Back when the Wii was first unveiled, the first thing to go through everyone's head was "Ha! It sounds like wee wee!", because that was really the pinnacle of comedy at the time. The second thing to go through everyone's head was "Oh! Lightsabers!"
Somehow, even after the prequel trilogy, we still all want to be Jedi Knights in videogames. Of course, with the Motion Plus add-on yet to arrive with its true one-to-one reproduction of your arm movements (really this time, we promise!), there's absolutely no way to produce a true lightsaber fighting experience just yet. Not that that's stopped them having a go.
Based on the rather wretched new animated movie-slash-TV-show, the clumsily titled Star Wars The Clone Wars: Lightsaber Duels ostensibly follows Anakin, Obi-Wan and their Jedi pals as they try to save Jabba the Hutt's son from a kidnap plot that turns out to be a trap and... Basically, it's got a cute baby Jabba in it. We're at the bottom of a barrel far, far away long since past scraping.

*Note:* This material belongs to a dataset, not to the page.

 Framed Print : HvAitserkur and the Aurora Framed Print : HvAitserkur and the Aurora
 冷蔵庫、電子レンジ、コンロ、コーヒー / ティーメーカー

In gameplay terms, it's a fighter, although that perhaps sets expectations a little high. It's an incredibly simplistic fighter, with a shocking paucity of worthwhile content. There's a Campaign mode, in which you slog through a series of encounters with different characters; a Challenge Mode, in which you slog through a series of encounters with different characters; and a multiplayer mode, in which you slog through a series of encounters with your friends. All are undone by the same inescapable fact: this is a very, very bad fighting game.
The control scheme is not dissimilar to the one in the equally appalling Soul Calibur Legends. Swishing the remote produces an attack in that direction. Swish left for a left slice. Up for an uppercut, down for a downstroke. Lunge forwards for, well, a forward lunge. And that's the extent of your moves list. You can augment your attacks using the Force, or use your mind powers to crudely lob scattered bits of scenery at your opponent. There are also combo attacks, but these fall prey to the common flaw that undermines the core of the game: no matter what you do, the game is terrible at reading your movements.
The basic directional attacks are easy enough on their own, but there's a slight delay between movement and action that means it's impossible to feel any connection with the on-screen combat, and the combos are also a royal pain in the midichlorians as a result. Swish left, up and right too slowly and you just do three slashy moves. Do it too quickly and the game can't keep up and ignores anything past the first movement. Most bizarrely, the same is true of blocking, even though that's mapped to an old-fashioned button press. Bringing up your lightsaber to defend yourself is sluggish, but since it's not always clear who's hitting who as the characters lurch and swing around each other, the fine details pale into insignificance.
The graphics are also ugly, and the characters regurgitate the same handful of quips endlessly during each fight. The Campaign is hopelessly padded out with repeated battles against the same foes, while the Challenges are a tiresome plod to get through. Even the attempt to make your remote thrum and throb like a lightsaber falls flat, since the raspy sound effects emerging from the speaker just make it sound like there's a flatulent vole trapped inside.
What makes Lightsaber Duels all the more insulting is that there was an almost identical mode in the Wii version of The Force Unleashed - which was created by the same developer. Except this arena brawler has fewer characters and moves, and doesn't even come with a deeply average single-player game attached. You could try and mount a half-hearted defence on the basis that it's meant to be accessible to all ages, but even the most cack-handed child will fail to draw nourishment from this thin and flavourless brew. My attempts to involve my own offspring did not go well. It took less than ten minutes for whining requests for LEGO Batman to escalate into angry demands.
All quibbles about presentation and content aside, the game is simply incapable of delivering the sort of fluid gameplay the concept demands. There's no flow or grace to the fights, just frustrated gesticulation as you try to bludgeon your way past a control scheme unfit for human consumption. Shallow and broken in all the ways that matter, Lightsaber Duels is precisely the sort of mindless hand-waggler that gives the Wii a bad name.